So…what can we do? Well, I believe we need to get away from simplified attribution at all times. We need to migrate to narrative attribution. We need to learn how to tell stories about how people make things and who was involved. It is for this reason that at FLOSS Manuals we started writing “How this book was written” chapters. Here is an example from the book Collaborative Futures which is now stored in the Wayback Machine. A brief snippet:

This book was first written over 5 days (18-22 Jan 2010) during a Book Sprint in Berlin. 7 people (5 writers, 1 programmer and 1 facilitator) gathered to collaborate and produce a book in 5 days with no prior preparation and with the only guiding light being the title ‘Collaborative Futures’.

These collaborators were: Mushon Zer-Aviv, Michael Mandiberg, Mike Linksvayer, Marta Peirano, Alan Toner, Aleksandar Erkalovic (programmer) and Adam Hyde (facilitator).

It is a short story but it goes some way to bring out a little of the nuance of how the book was made. We could have gone further but it gets the point across. We also made sure that this way of attributing credit was included as a chapter in the book. So wherever the book went, the story of how it was made travelled with it.

I think we could do the same with software. Let’s not conflate copyright with credit, for a start. Next, let’s proceed to a more interesting way of attributing credit.

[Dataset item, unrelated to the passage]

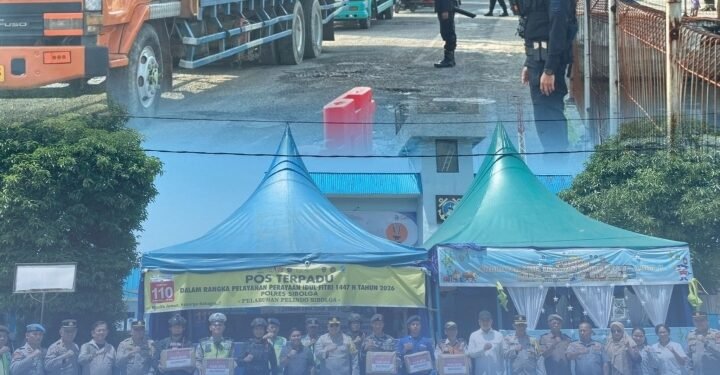 Siaga Tanpa Henti! Brimob Polda Sumut Kawal Ketat Arus Mudik Lebaran di Sibolga dalam Operasi Ketupat Toba 2026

Not a naming of names, but telling a story of who was involved and how. Finally, let’s make sure this story is part of the software and travels with it ie. put the story in the source code repository.

But there is an obvious flaw to this approach. What happens when many people are involved over a long time. If you had been paying attention, for example, to that 29,000 pixel tall monstrosity I included as a screenshot above, you would have already deduced that narrative attribution is not going to do a better job of attributing credit than simplified attribution.

Just how long would the story be for that same book? It would be pretty long! So, how do we deal with this? Surely no one would read that story either? Good point! This is where I believe transient attribution comes into play.

Transient attribution is the recognition that large complicated works take a long time to make. In the case of software, the job pretty much never ends. A software must be updated to add features, or it may need to be refactored, updates needed for security fixes, or to meet the needs of new versions of operating system…it just doesn’t stop. That could mean that we just keep adding to the story, making it longer and longer as we go. But I would like to suggest another approach. I think it is more interesting if we were to tell only the story of the last phase leading up to the current version of the book / movie / software etc…there is really no need to tell the whole story all in one go…break it up into smaller parts. Learn to tell the story as it evolves. The software world already, kind of, does this in Release Notes. We commonly include Release Notes that document the differences between the previous and latest versions of the software. It is, in a way, the story of the software, but it is not the story of the people. Why not adopt this model for attribution too? Focus on the latest part of the story and call people out and celebrate their contributions for this most recent phase.

My recommendation is this:

  1. use narrative attribution to credit people for their work
  2. tell a story that says something about what they did
  3. use transient attribution to tell the story in smaller, more timely, pieces
  4. ensure the story travels with the software (ie. stored in the repo)

It doesn’t feel like such a stretch. It’s not that difficult to do either. The point is, software takes a long time to make, happens in stages, and different people with a diversity of skills come into play at different times. Let’s celebrate all the people that made it happen, and celebrate this as closely as possible to the moment they did the work. Further, the story of how a software is made is far more valuable to everyone than a simple naming of names. If we could take this short step (and it is not far) I think we would have richer attribution, happier communities, and a richer understanding about how software is actually made. And that, if you ask me, is a good thing.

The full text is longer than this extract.